Mario Schenberg
Nasceu em Recife (1914) e morreu em São Paulo
(1990). Catedrático na disciplina de Mecânica Superior e Celeste, na
Universidade de São Paulo (USP), operou pesquisas sobre Eletromagnetismo e
Gravitação; desse trabalho nasceu o grupo de Física da Matéria Condensada, na
USP, como recorda Henrique Fleming (in revista Estudos Avançados,
Vol.8, Nº22, Pág.529 - USP), que muito viria a contribuir para a Ciência
brasileira. E não só: Mário Schenberg está na galeria dos cientistas
internacionais, assim considerado pelos seus pares.
Casado com a artista plástica Lourdes
Cedran, o cientista observava a Arte com o mesmo compromisso social e
cultural que exigia de si mesmo em relação à coisa exata: o abstrato e o
poético estavam na sua quotidianeidade filosófica. Se nos Anos 60 era já um
cientista tido como referência mundial, no mesmo período virou também crítico
d'Arte formando opinião no quadro do objetivismo naturalíssimo.

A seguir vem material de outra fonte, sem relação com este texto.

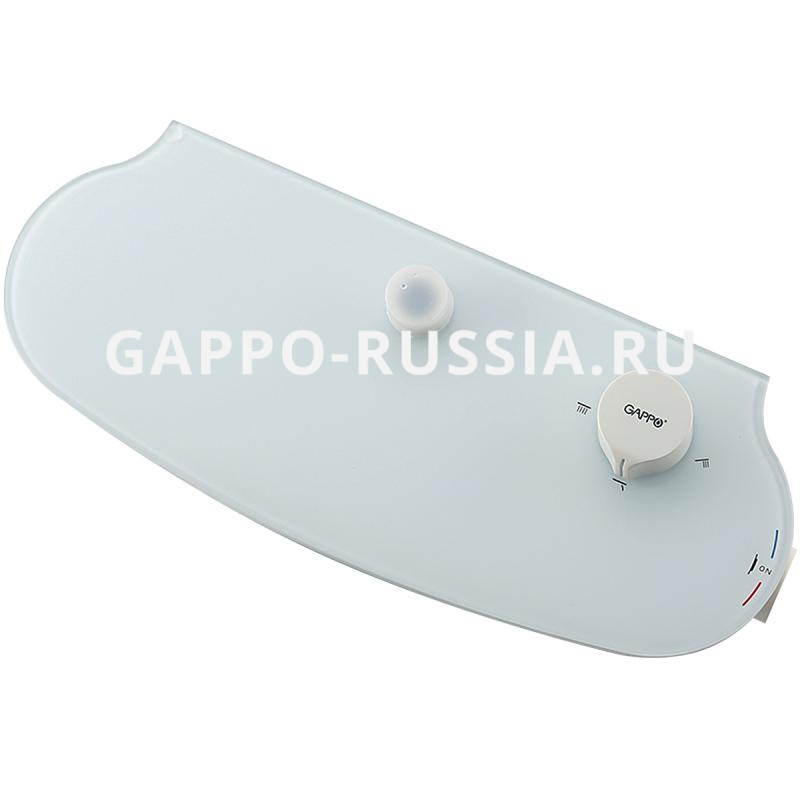 Душевая система GAPPO с верхним душем и ручной лейкой (белый) G2495-88 АКЦИЯ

Schenberg era, como afirma o amigo e
companheiro W. Paioli, humanitarista e defensor das questões
ecológicas, propagador de princípios um tanto raros em cientistas modernos e
quase totalmente inexistentes nos políticos faraônicos (in Gazeta De
Cotia, Nº307, Out.1997).
Lutzenberger afirma, quanto à percepção
de harmonias, que ...necessitamos inverter a dessacralização da
Natureza. Nossa cultura atual alicerça-se num erro filosófico ( ) Enquanto que
no idioma hindu não existe palavra para designar ( ) "profano", para
o silvícola animista tudo é sagrado e, para o budista, Deus e Natureza são a
mesma coisa - nós, na Cultura Ocidental, fazemos questão de excluir de nossa
ética tudo o que não se relaciona com o Homem (in Manifesto Ecológico
Brasileiro, José A. Lutzenberger, pp 78 e 79; Ed. Movimento, Porto
Alegre/RS, 1976). Dentro desta visão, Schenberg foi um agitador: um
sereno agitador... A arquitetura dos índios também é monumental ( ) nenhuma
arquitetura no mundo é tão ligada ao corpo, disse o cientista e crítico
d'Arte em entrevista (in Pau Brasil, pp 35 a 42, Jul-Ag/1984) no mesmo
instante em que denunciava publicamente o acordo para uso de energia nuclear
entre alemães e brasileiros.
Mário Schenberg era um cientista atento
à História e à sua Quotidianeidade.
... a tecnologia nuclear ( ) pode conduzir
à destruição da Humanidade ( ) os cientistas começaram a estudar novos aspectos
disso, como a alteração das condições ecológicas. O problema foi
levantado por um soviético nos Estados Unidos, tanto que o Vaticano convocou
uma reunião da Academia Pontifícia de Ciência ( ) Falaram sobre o chamado
"inverno nuclear", um perigo que ( ) ninguém tinha compreendido
claramente. Se houver uma guerra nuclear em grande escala haverá uma alteração
climatológica total com a formação de cinzas e outras partículas ( ) Não vai
ser a radioatividade o elemento da destruição. Serão as cinzas e partículas que
irão impedir a entrada da luz do sol ( ) Por isso, o fenômeno se chama
"inverno nuclear" Calcula-se que a temperatura vai cair a -50ºC. No
Brasil ( ) cairia para -25ºC liquidando florestas, fauna e agricultura... ( )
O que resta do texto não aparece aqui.